Items listed in a dataset:
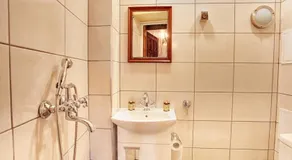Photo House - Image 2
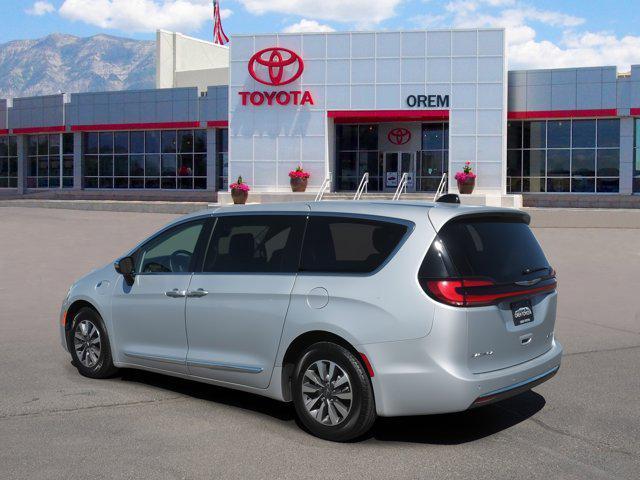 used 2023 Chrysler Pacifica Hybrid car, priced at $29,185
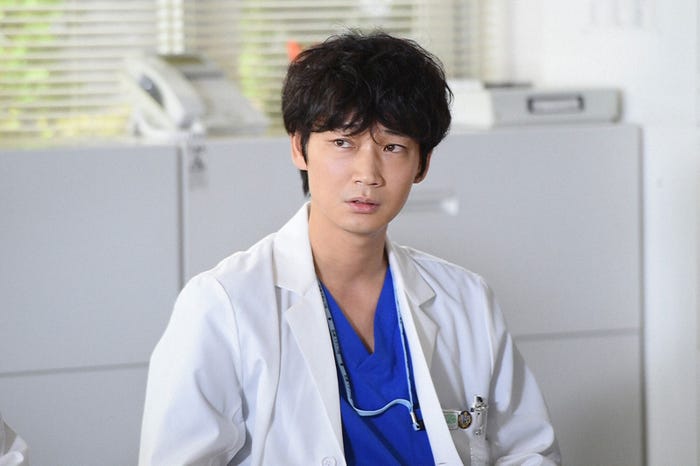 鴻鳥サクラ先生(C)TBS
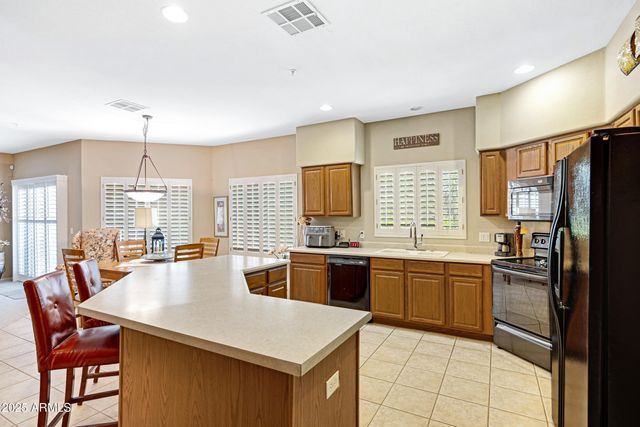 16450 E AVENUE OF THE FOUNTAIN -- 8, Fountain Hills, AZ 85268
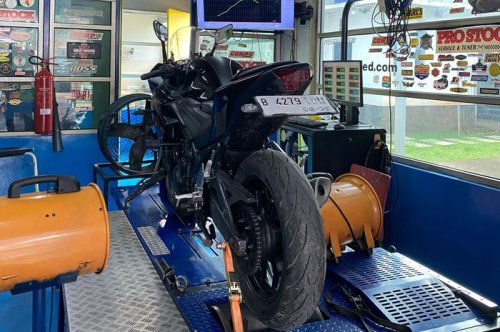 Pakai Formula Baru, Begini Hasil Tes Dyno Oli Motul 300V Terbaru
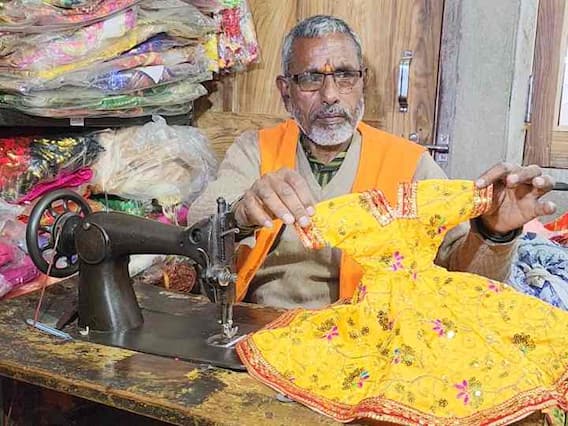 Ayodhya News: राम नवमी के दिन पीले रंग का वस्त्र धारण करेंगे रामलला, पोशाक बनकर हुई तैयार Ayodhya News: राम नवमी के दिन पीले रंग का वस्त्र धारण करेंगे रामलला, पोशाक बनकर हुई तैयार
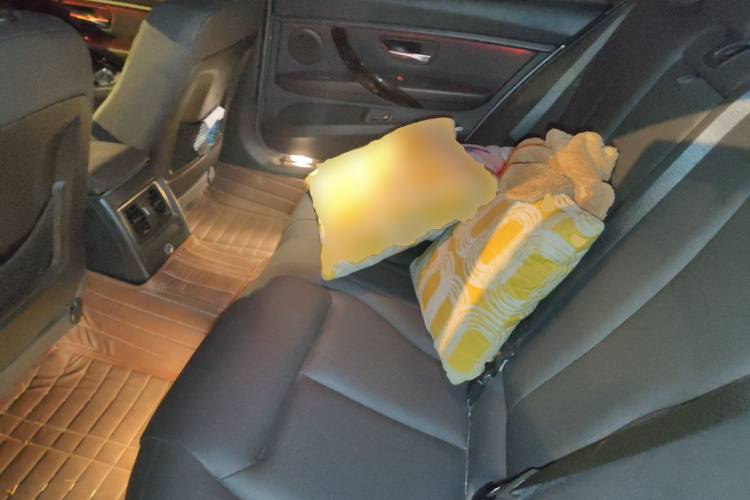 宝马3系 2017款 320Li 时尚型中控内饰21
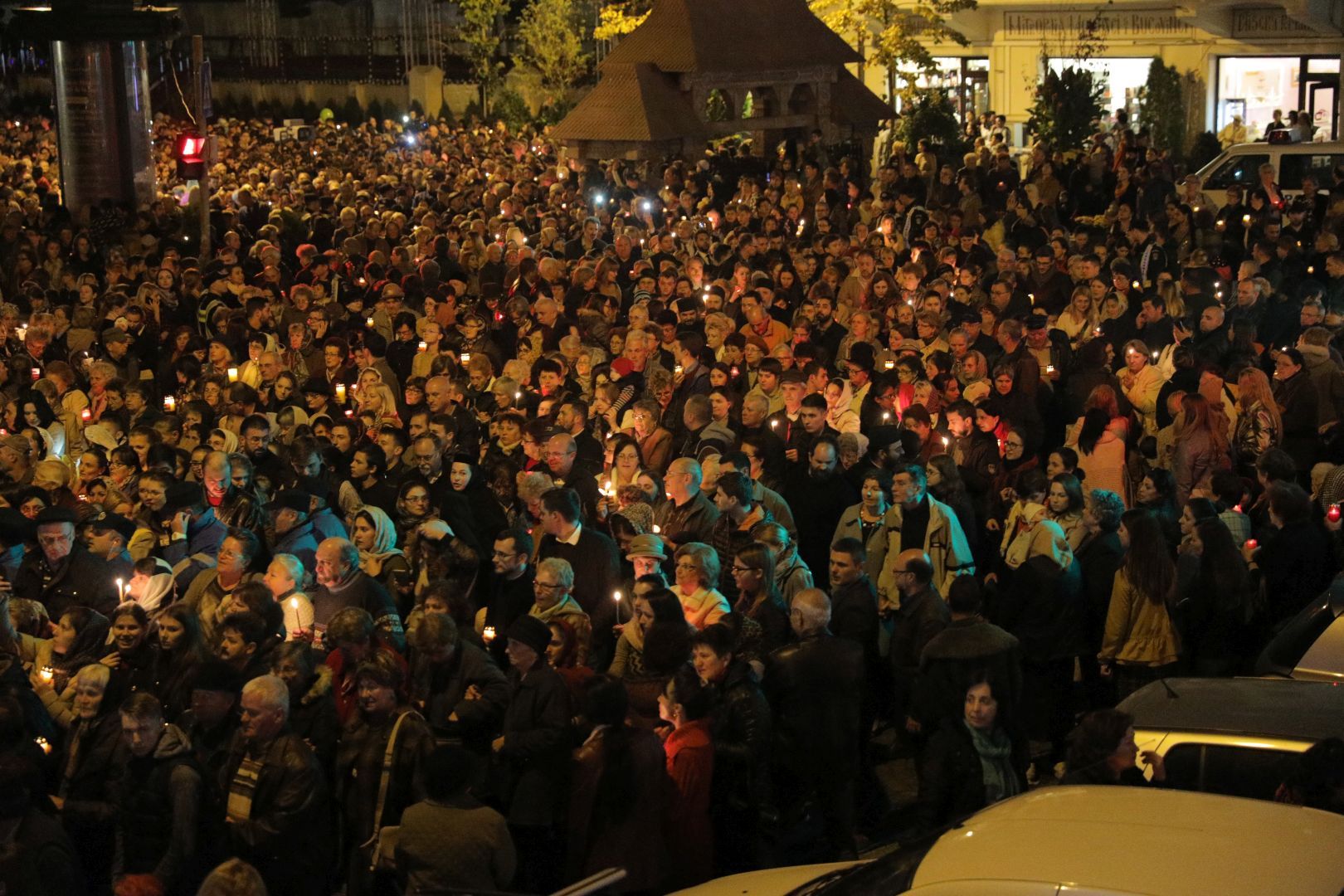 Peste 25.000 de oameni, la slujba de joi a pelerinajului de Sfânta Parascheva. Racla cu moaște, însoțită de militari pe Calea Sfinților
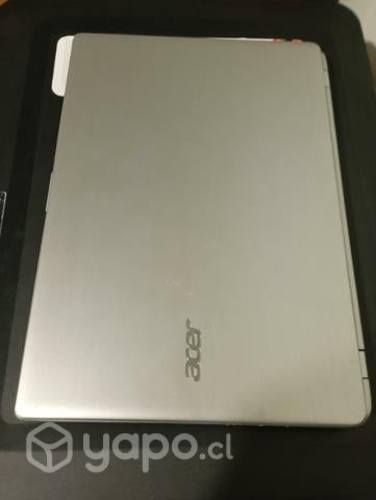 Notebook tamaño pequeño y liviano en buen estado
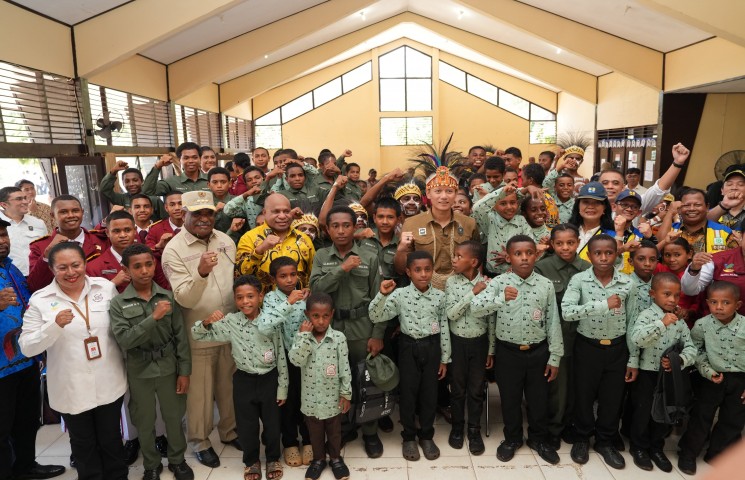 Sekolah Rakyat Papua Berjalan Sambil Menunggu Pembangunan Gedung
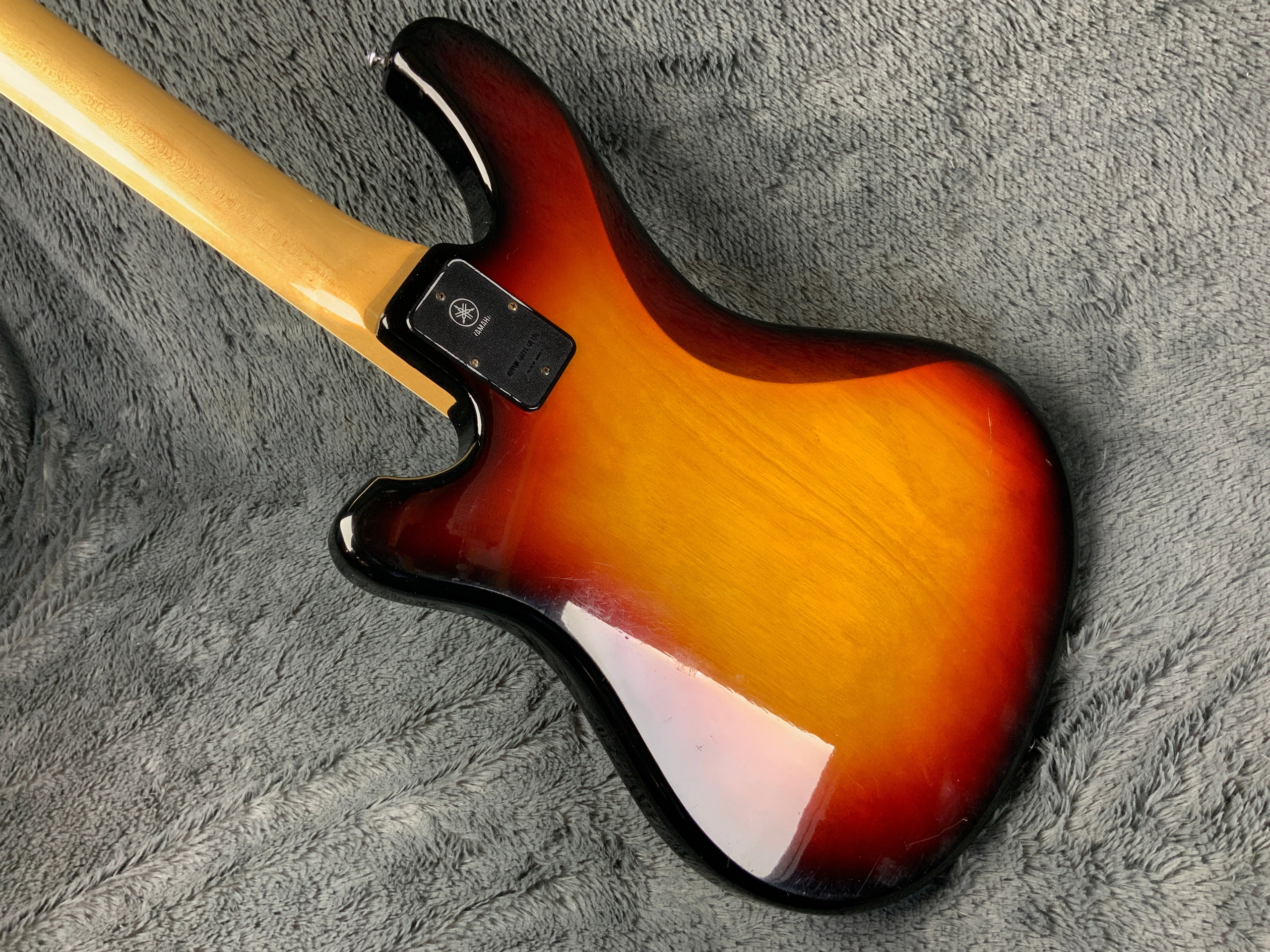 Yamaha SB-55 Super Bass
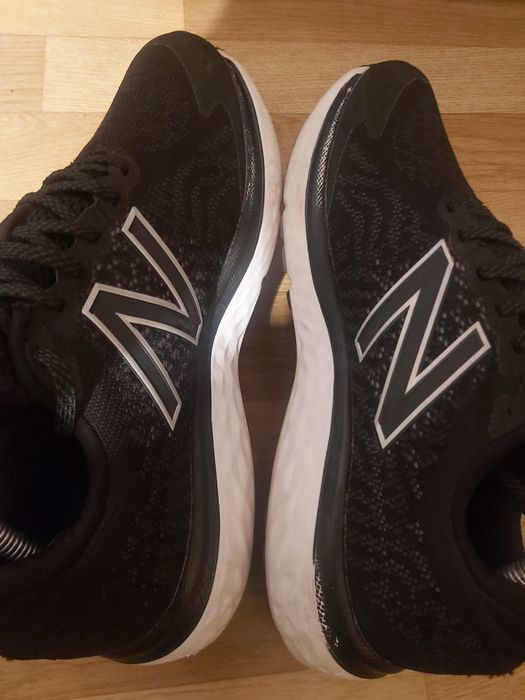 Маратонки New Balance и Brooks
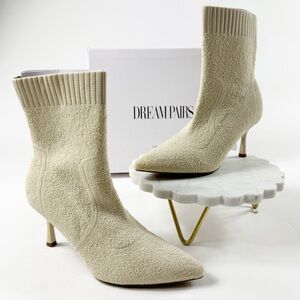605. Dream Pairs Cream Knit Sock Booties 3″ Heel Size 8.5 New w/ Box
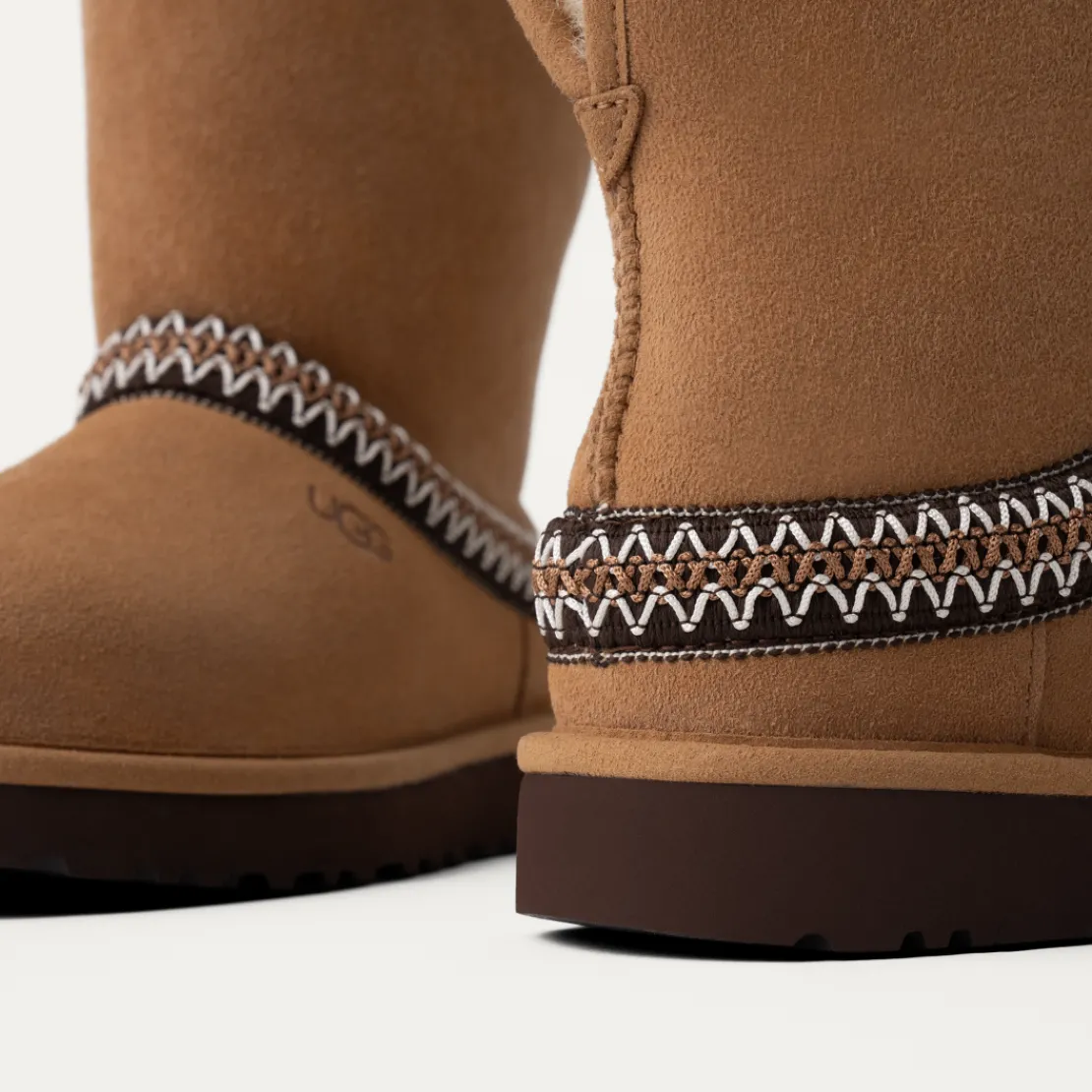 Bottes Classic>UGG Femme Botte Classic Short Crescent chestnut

WHAT TO DO:
Starting with the first line of the records above and stopping after the line containing "Sekolah Rakyat Papua", repeat every line exactly and leave out the pictures.

SOLUTION:
Photo House - Image 2
 used 2023 Chrysler Pacifica Hybrid car, priced at $29,185
 鴻鳥サクラ先生(C)TBS
 16450 E AVENUE OF THE FOUNTAIN -- 8, Fountain Hills, AZ 85268
 Pakai Formula Baru, Begini Hasil Tes Dyno Oli Motul 300V Terbaru
 Ayodhya News: राम नवमी के दिन पीले रंग का वस्त्र धारण करेंगे रामलला, पोशाक बनकर हुई तैयार Ayodhya News: राम नवमी के दिन पीले रंग का वस्त्र धारण करेंगे रामलला, पोशाक बनकर हुई तैयार
 宝马3系 2017款 320Li 时尚型中控内饰21
 Peste 25.000 de oameni, la slujba de joi a pelerinajului de Sfânta Parascheva. Racla cu moaște, însoțită de militari pe Calea Sfinților
 Notebook tamaño pequeño y liviano en buen estado
 Sekolah Rakyat Papua Berjalan Sambil Menunggu Pembangunan Gedung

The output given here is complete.